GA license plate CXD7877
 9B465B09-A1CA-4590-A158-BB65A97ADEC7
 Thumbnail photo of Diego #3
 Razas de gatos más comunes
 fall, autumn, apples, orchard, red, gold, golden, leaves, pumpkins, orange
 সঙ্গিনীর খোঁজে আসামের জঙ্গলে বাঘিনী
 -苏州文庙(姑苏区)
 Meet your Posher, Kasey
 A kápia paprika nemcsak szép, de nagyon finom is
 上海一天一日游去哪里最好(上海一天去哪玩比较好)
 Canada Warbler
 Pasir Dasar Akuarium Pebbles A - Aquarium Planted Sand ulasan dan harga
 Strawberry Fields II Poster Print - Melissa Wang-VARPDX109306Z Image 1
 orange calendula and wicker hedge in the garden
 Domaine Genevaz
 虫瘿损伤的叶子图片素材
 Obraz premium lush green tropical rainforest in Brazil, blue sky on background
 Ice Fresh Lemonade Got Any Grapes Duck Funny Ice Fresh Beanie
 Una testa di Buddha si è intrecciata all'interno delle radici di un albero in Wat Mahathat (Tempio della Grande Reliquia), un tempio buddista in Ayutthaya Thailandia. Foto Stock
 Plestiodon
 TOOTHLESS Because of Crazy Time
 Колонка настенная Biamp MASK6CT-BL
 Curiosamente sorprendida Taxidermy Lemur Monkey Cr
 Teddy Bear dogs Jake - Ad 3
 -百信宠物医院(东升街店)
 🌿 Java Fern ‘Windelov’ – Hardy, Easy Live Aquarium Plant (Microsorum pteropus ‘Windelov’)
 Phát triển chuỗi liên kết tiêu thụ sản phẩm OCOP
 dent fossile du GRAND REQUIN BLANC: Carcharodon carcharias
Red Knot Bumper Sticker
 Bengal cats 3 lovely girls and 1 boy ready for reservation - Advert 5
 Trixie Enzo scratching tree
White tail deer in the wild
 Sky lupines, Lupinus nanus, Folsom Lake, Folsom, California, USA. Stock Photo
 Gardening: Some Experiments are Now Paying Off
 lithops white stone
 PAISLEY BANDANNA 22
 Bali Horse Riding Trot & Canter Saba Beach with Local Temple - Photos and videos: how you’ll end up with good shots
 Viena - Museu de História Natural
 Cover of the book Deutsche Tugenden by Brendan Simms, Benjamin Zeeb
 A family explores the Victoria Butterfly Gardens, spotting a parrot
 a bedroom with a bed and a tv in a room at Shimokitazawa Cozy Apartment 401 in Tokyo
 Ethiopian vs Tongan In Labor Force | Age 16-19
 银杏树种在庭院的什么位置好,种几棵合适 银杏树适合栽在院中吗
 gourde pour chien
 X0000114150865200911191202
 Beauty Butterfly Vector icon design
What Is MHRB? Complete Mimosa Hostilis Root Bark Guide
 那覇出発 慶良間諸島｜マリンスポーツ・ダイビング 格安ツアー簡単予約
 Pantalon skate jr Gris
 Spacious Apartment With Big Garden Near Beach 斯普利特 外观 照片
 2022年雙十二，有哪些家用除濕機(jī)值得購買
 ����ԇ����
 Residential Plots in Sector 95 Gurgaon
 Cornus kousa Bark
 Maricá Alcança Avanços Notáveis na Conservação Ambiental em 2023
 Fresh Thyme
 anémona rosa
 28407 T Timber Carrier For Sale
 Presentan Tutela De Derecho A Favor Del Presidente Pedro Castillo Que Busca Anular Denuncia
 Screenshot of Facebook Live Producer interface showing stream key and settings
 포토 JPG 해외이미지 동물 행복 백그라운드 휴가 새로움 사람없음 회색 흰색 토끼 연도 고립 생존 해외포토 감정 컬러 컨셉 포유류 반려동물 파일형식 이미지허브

### WORK REQUIRED:
Every record should be repeated exactly; please leave none out.

### RESPONSE AREA:
GA license plate CXD7877
 9B465B09-A1CA-4590-A158-BB65A97ADEC7
 Thumbnail photo of Diego #3
 Razas de gatos más comunes
 fall, autumn, apples, orchard, red, gold, golden, leaves, pumpkins, orange
 সঙ্গিনীর খোঁজে আসামের জঙ্গলে বাঘিনী
 -苏州文庙(姑苏区)
 Meet your Posher, Kasey
 A kápia paprika nemcsak szép, de nagyon finom is
 上海一天一日游去哪里最好(上海一天去哪玩比较好)
 Canada Warbler
 Pasir Dasar Akuarium Pebbles A - Aquarium Planted Sand ulasan dan harga
 Strawberry Fields II Poster Print - Melissa Wang-VARPDX109306Z Image 1
 orange calendula and wicker hedge in the garden
 Domaine Genevaz
 虫瘿损伤的叶子图片素材
 Obraz premium lush green tropical rainforest in Brazil, blue sky on background
 Ice Fresh Lemonade Got Any Grapes Duck Funny Ice Fresh Beanie
 Una testa di Buddha si è intrecciata all'interno delle radici di un albero in Wat Mahathat (Tempio della Grande Reliquia), un tempio buddista in Ayutthaya Thailandia. Foto Stock
 Plestiodon
 TOOTHLESS Because of Crazy Time
 Колонка настенная Biamp MASK6CT-BL
 Curiosamente sorprendida Taxidermy Lemur Monkey Cr
 Teddy Bear dogs Jake - Ad 3
 -百信宠物医院(东升街店)
 🌿 Java Fern ‘Windelov’ – Hardy, Easy Live Aquarium Plant (Microsorum pteropus ‘Windelov’)
 Phát triển chuỗi liên kết tiêu thụ sản phẩm OCOP
 dent fossile du GRAND REQUIN BLANC: Carcharodon carcharias
Red Knot Bumper Sticker
 Bengal cats 3 lovely girls and 1 boy ready for reservation - Advert 5
 Trixie Enzo scratching tree
White tail deer in the wild
 Sky lupines, Lupinus nanus, Folsom Lake, Folsom, California, USA. Stock Photo
 Gardening: Some Experiments are Now Paying Off
 lithops white stone
 PAISLEY BANDANNA 22
 Bali Horse Riding Trot & Canter Saba Beach with Local Temple - Photos and videos: how you’ll end up with good shots
 Viena - Museu de História Natural
 Cover of the book Deutsche Tugenden by Brendan Simms, Benjamin Zeeb
 A family explores the Victoria Butterfly Gardens, spotting a parrot
 a bedroom with a bed and a tv in a room at Shimokitazawa Cozy Apartment 401 in Tokyo
 Ethiopian vs Tongan In Labor Force | Age 16-19
 银杏树种在庭院的什么位置好,种几棵合适 银杏树适合栽在院中吗
 gourde pour chien
 X0000114150865200911191202
 Beauty Butterfly Vector icon design
What Is MHRB? Complete Mimosa Hostilis Root Bark Guide
 那覇出発 慶良間諸島｜マリンスポーツ・ダイビング 格安ツアー簡単予約
 Pantalon skate jr Gris
 Spacious Apartment With Big Garden Near Beach 斯普利特 外观 照片
 2022年雙十二，有哪些家用除濕機(jī)值得購買
 ����ԇ����
 Residential Plots in Sector 95 Gurgaon
 Cornus kousa Bark
 Maricá Alcança Avanços Notáveis na Conservação Ambiental em 2023
 Fresh Thyme
 anémona rosa
 28407 T Timber Carrier For Sale
 Presentan Tutela De Derecho A Favor Del Presidente Pedro Castillo Que Busca Anular Denuncia
 Screenshot of Facebook Live Producer interface showing stream key and settings
 포토 JPG 해외이미지 동물 행복 백그라운드 휴가 새로움 사람없음 회색 흰색 토끼 연도 고립 생존 해외포토 감정 컬러 컨셉 포유류 반려동물 파일형식 이미지허브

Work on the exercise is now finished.